Back To The Future: Jack Leslie’s Asia Pacific Experience
Throughout May, Weber Shandwick’s Chairman Jack Leslie visited and spoke with clients, colleagues and young professionals in Australia, Japan and China. Reflecting on his journey, he speaks to Matt O’Neill about his latest experience of the Asia Pacific.
Jack Leslie is reflecting upon his recent tour of some of Weber Shandwick’s Asia Pacific offices; his first in several years. Over the course of the conversation, Weber Shandwick’s global chair will liken himself to the uncle who can’t help but exclaim ‘My, how you’ve grown’ to a child because he hasn’t been around to see the growth unfold firsthand.
“Every time I come to Asia, I am just amazed at how dynamic the region is,” he smiles. “The change it’s going through; the vibrancy of its economies and its people. The enormity of that change is remarkable. The dramatic change in the skylines of places like Shanghai and Beijing or Singapore, for example, is incredible. I don’t see that amount of change anywhere else.”
Leslie’s awe, however, carries a little more weight. To describe his accomplishments as ‘legendary’ feels lazy – but it’s also an apt descriptor.
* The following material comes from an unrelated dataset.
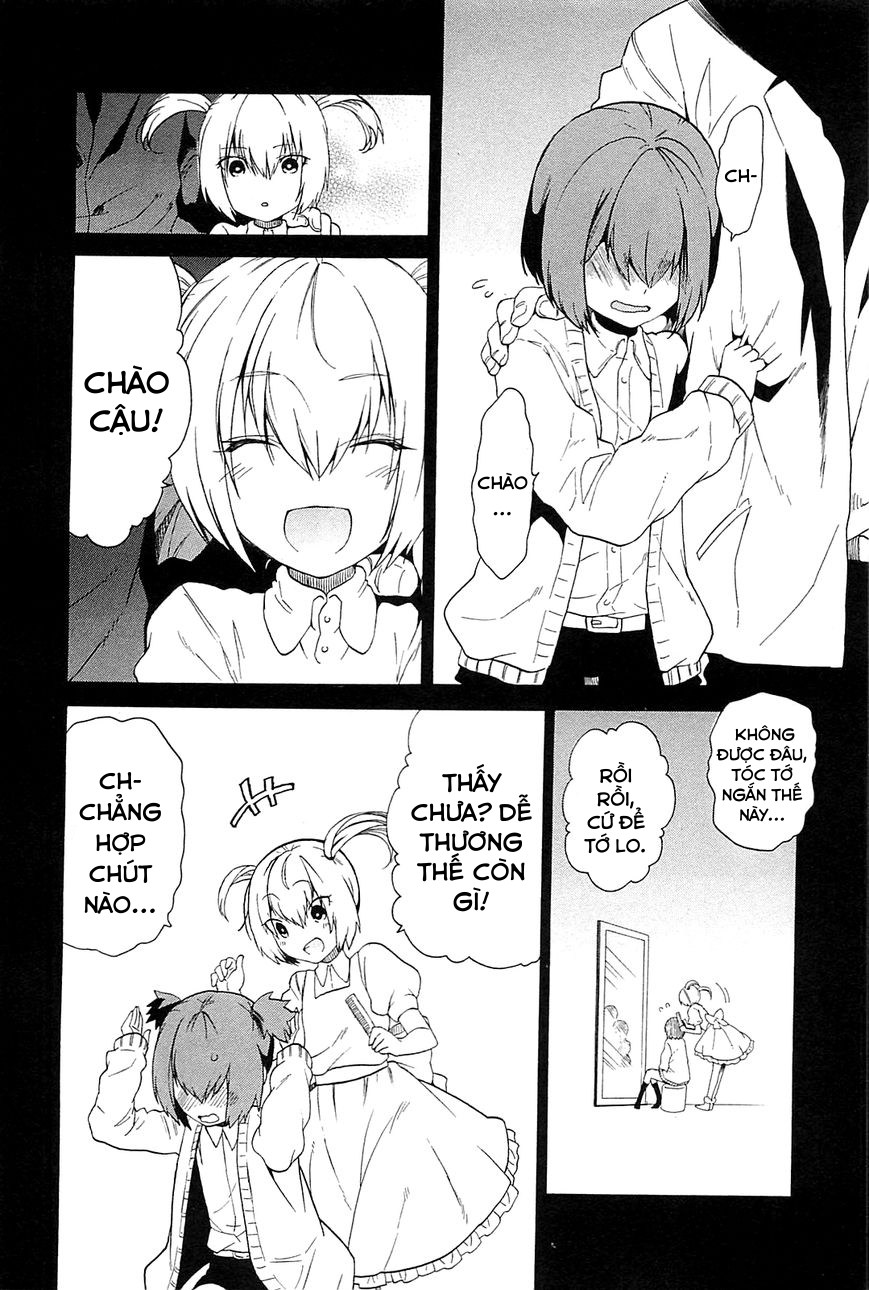 Steins;Gate - Babel of the Grieved Maze Chapter 4 - Trang 2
Beginning as an aide to Senator Edward ‘Ted’ Kennedy (and later serving as his political director), Leslie’s work to date has encompassed landmark endeavours in communications, philanthropy and politics across the globe.
By way of example; in 2016, he was awarded Colombia’s Order of San Carlos – Colombia’s highest honour for a non-citizen – by Colombian president Juan Manuel Santos for thirty years of helping foster peace and prosperity in the region. Bear in mind, Juan Manuel Santos was himself awarded the Nobel Peace Prize in that same year. This is the scope of Jack Leslie’s experience.
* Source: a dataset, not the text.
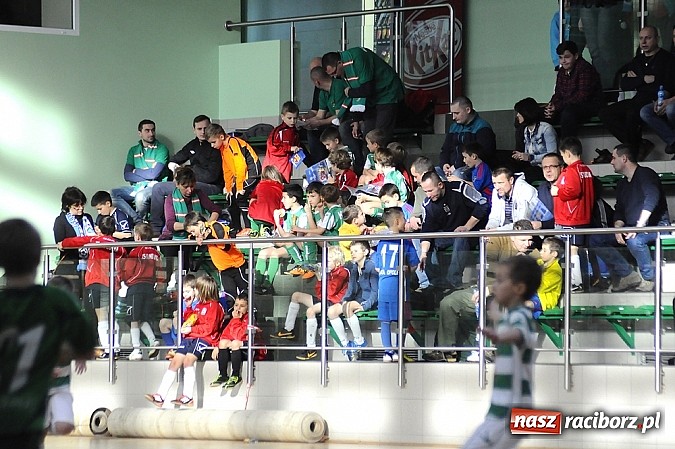 Zdjęcie w galerii na portalu naszraciborz.pl: Młodzi piłkarze walczyli w Rafako Arena wiadomości z regionu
“One of the questions I was asked while I was in Australia was ‘What do you think the most important attribute is for success in our business?’ and I said ‘Curiosity’,” Leslie says, when asked about his accomplishments. “I think that, more than anything else, to do well in our business – and, frankly, most businesses – you have to be curious.”
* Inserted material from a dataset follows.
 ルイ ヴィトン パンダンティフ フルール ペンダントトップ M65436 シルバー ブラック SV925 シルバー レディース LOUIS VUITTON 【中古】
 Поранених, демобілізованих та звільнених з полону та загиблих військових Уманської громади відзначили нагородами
“If you’re truly interested and curious about how the world is working, then your work isn’t a chore – it’s actually fun! I enjoy the diversity of my work. I probably would not be a happy camper if I was on an assembly line and working on the same thing again and again. There are a lot of jobs where you know exactly what’s going to happen every day. Our business is not like that at all.”
In that context, Leslie’s amazement and enthusiasm for the growth of the Asia Pacific region is a remarkable endorsement of the electricity of the territory. And, in describing his journeys in the region, you can hear the sense of fun, excitement and curiosity that’s helped propel his entire career flicker around his words. The Asia Pacific communications landscape excites him.
“Every time I attend an event like the Government Affairs Forum I attended in China on this trip, I feel like I learn something new,” he says. “In China, along with the rest of the change you can see throughout the Asia Pacific, the government is changing; its attitudes, its policies. Its views towards our business and, more broadly, its views towards the entire world.”
“When I was there, I was telling the story that, when I first went to the country, it was during the days that there were more bicycles than cars on the roads. And, the Chinese government expressed some level of concern about having a communications company likes ours enter the market. It’s remarkable how much it’s opened up to companies like ours and to the general global economy.”
In a way, Leslie has come to see the Asia Pacific as an almost futuristic landscape – the rate of growth, urbanisation and expansion in regional markets like China, Vietnam or Singapore hinting at insights as to how other markets around the world may develop in years to come. Having had a snapshot of a smartphone future on a much earlier visit, it’s a view he’s come to over time.
“For some time, I’ve talked about how the west can learn from the much more rapid adoption rates of Asian countries when it comes to new technologies,” Leslie says. “I like to tell the story of how, years ago, I was on a bus in Hong Kong and everyone on board seemed to have a cellphone to their ear. I thought ‘God, how weird, just being on a phone all the time!’”
He laughs.
“And, of course, it wasn’t until about five or ten years later that everyone in the supposedly most advanced markets in the world were doing exactly the same thing!”
Jack Leslie is Chairman of Weber Shandwick, one of the world’s leading global communications and engagement firms. A strategic communications executive, political consultant and international development activist, Jack brings a long track record of helping clients integrate global political, economic, cultural and communication trends to create innovative, forward-looking strategy and plans.